There are occasions when you will want to use a trick known as a “wrap-around” variable. For example, you might be using an array to simulate a cylindrical coordinate system (where the left edge of the array is adjacent to the right edge). In the following example, the variable jml wraps around partway through the loop.

nt a[], b[], n;
void example_7_3_3 ()
{
    int j, jm1;
    jm1 = n;
    for (j=0; j<n; j++) {
        b[j] = (a[j] + a[jm1]) / 2;
        jm1 = j;
    }
}

In the first iteration, jm1 is n. In all iterations except for j=1, the value of jm1 is j-1. Thus, jm1 is an induction variable for the loop after the first iteration.
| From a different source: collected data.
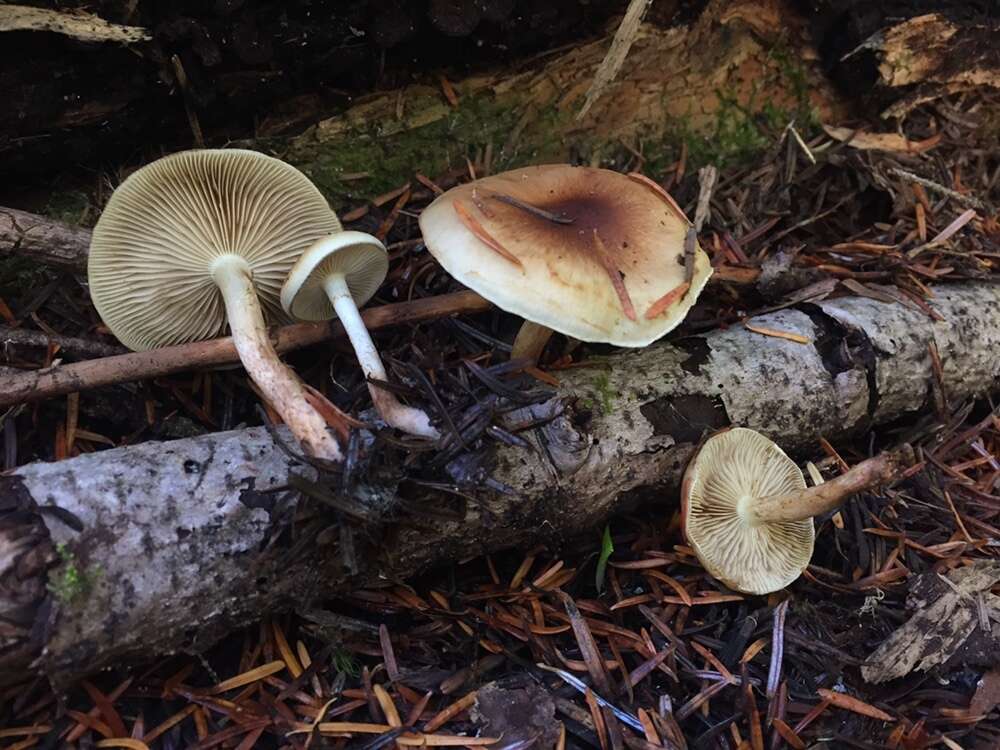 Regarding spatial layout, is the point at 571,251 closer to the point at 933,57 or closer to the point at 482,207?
the point at 482,207

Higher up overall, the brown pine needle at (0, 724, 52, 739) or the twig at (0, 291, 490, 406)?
the twig at (0, 291, 490, 406)

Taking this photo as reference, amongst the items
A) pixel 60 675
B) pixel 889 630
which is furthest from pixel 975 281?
pixel 60 675

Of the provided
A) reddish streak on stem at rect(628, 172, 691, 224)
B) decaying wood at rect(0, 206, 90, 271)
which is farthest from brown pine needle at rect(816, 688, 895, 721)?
decaying wood at rect(0, 206, 90, 271)

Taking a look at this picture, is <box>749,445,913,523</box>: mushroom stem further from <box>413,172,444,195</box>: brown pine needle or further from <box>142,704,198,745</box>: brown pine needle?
<box>142,704,198,745</box>: brown pine needle

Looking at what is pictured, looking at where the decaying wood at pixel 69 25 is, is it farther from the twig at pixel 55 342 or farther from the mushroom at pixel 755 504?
the mushroom at pixel 755 504

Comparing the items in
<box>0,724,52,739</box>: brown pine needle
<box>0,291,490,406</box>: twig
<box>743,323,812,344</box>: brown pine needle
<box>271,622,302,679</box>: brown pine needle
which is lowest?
<box>271,622,302,679</box>: brown pine needle

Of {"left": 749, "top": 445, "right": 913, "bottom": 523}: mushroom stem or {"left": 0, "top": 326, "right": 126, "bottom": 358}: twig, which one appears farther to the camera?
{"left": 0, "top": 326, "right": 126, "bottom": 358}: twig

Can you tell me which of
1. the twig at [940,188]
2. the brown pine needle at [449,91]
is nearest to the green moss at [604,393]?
the brown pine needle at [449,91]

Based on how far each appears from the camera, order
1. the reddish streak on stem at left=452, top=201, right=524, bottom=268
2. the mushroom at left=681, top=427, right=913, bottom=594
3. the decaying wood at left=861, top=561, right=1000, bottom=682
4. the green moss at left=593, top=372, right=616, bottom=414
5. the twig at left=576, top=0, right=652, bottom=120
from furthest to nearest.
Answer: the twig at left=576, top=0, right=652, bottom=120, the green moss at left=593, top=372, right=616, bottom=414, the mushroom at left=681, top=427, right=913, bottom=594, the decaying wood at left=861, top=561, right=1000, bottom=682, the reddish streak on stem at left=452, top=201, right=524, bottom=268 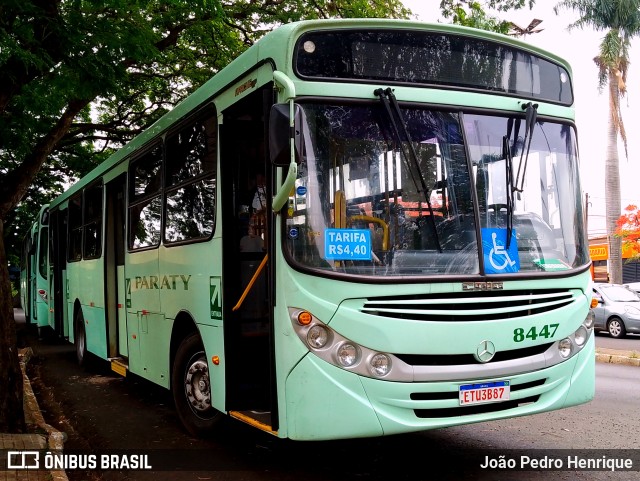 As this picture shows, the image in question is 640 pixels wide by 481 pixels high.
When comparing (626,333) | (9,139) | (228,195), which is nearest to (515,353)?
(228,195)

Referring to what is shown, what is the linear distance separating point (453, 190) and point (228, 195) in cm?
192

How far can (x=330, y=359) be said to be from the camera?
4.56 m

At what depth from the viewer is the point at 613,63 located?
85.4ft

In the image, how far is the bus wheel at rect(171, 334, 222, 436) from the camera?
6324 millimetres

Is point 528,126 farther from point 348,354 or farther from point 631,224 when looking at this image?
point 631,224

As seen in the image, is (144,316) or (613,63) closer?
(144,316)

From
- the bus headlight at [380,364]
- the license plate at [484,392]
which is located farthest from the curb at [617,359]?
the bus headlight at [380,364]

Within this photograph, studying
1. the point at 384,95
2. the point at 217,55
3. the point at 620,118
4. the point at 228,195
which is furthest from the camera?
the point at 620,118

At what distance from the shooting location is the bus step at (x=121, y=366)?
28.7ft

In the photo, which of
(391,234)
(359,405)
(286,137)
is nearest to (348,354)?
(359,405)

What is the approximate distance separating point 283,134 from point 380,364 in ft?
5.36

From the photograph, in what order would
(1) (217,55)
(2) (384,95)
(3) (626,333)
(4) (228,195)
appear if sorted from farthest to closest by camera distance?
(3) (626,333), (1) (217,55), (4) (228,195), (2) (384,95)

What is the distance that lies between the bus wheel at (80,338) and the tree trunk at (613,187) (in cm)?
2087

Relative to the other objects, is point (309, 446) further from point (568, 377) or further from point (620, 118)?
point (620, 118) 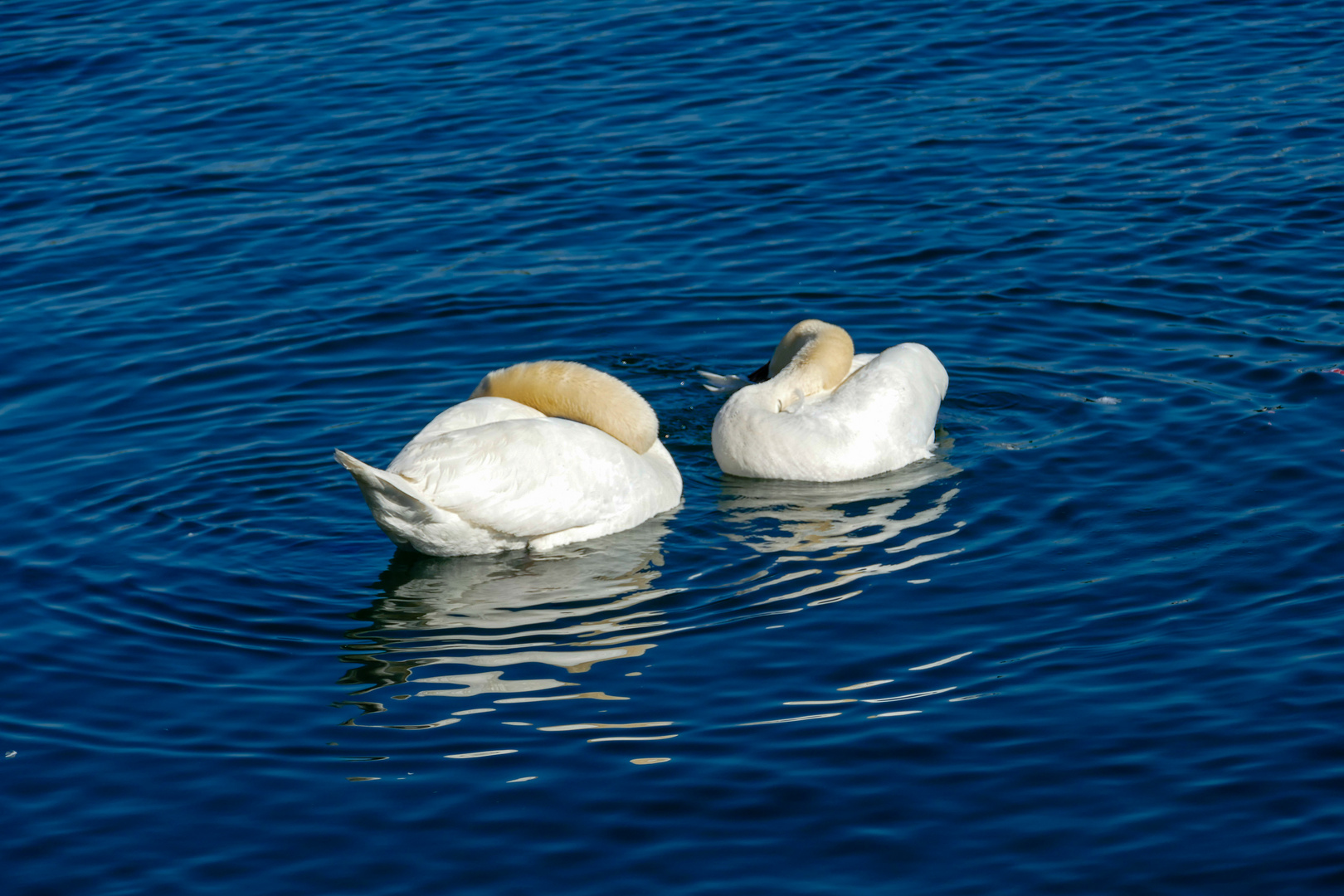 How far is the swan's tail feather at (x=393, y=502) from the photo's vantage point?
8820 mm

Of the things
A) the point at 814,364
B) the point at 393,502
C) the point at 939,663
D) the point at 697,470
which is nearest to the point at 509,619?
the point at 393,502

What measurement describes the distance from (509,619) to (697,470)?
2.73 m

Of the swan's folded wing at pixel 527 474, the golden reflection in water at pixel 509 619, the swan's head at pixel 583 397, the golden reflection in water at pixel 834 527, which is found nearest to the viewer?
the golden reflection in water at pixel 509 619

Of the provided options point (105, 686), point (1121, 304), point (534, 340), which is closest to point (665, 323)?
point (534, 340)

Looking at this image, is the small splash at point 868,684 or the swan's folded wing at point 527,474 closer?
the small splash at point 868,684

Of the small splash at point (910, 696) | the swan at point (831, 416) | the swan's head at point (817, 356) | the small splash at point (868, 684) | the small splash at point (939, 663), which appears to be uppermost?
the swan's head at point (817, 356)

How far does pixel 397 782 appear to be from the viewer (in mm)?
7227

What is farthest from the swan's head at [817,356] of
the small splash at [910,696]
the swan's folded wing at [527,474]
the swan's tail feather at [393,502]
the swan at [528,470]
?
the small splash at [910,696]

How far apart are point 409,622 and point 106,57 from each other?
15.4 m

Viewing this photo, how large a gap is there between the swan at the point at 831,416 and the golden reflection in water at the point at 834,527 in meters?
0.12

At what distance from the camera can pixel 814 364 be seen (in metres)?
11.3

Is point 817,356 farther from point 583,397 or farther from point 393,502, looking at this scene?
point 393,502

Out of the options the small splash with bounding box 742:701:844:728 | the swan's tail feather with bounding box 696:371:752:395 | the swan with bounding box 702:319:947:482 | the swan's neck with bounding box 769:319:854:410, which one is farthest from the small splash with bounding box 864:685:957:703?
the swan's tail feather with bounding box 696:371:752:395

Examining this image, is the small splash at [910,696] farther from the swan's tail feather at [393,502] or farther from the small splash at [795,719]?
Answer: the swan's tail feather at [393,502]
By peeling off the first iteration of the loop, the jm1 induction variable can be exploited.

For example:

int a[][1000];
int m;
int n;
void example_7_3_2(  )
{
    int i;
    int np1;
 #pragma parallel if(m > 91) byvalue(m, n) shared(a) local(i)
#pragma pfor iterate(i=0;m;1)
    for ( i = 0; i<m; i++ ) {
        a[i][n] = a[i-1][(n+1)];
    }
}

PCA can peel off several iterations where multiple wrap-around variables exist.

Lifetime Analysis

In general, when PCA inserts a temporary local variable in a thread of execution, PCA must assign the last value of the temporary variable to the original scalar. When you set optimize to 2 or higher (see Chapter 3, “PCA Command-Line Options”). PCA does a lifetime analysis to determine if the value of the original scalar is used outside the loop. It also eliminates dead code, as described in the section on dead code removal. (See “Dead Code Elimination”.)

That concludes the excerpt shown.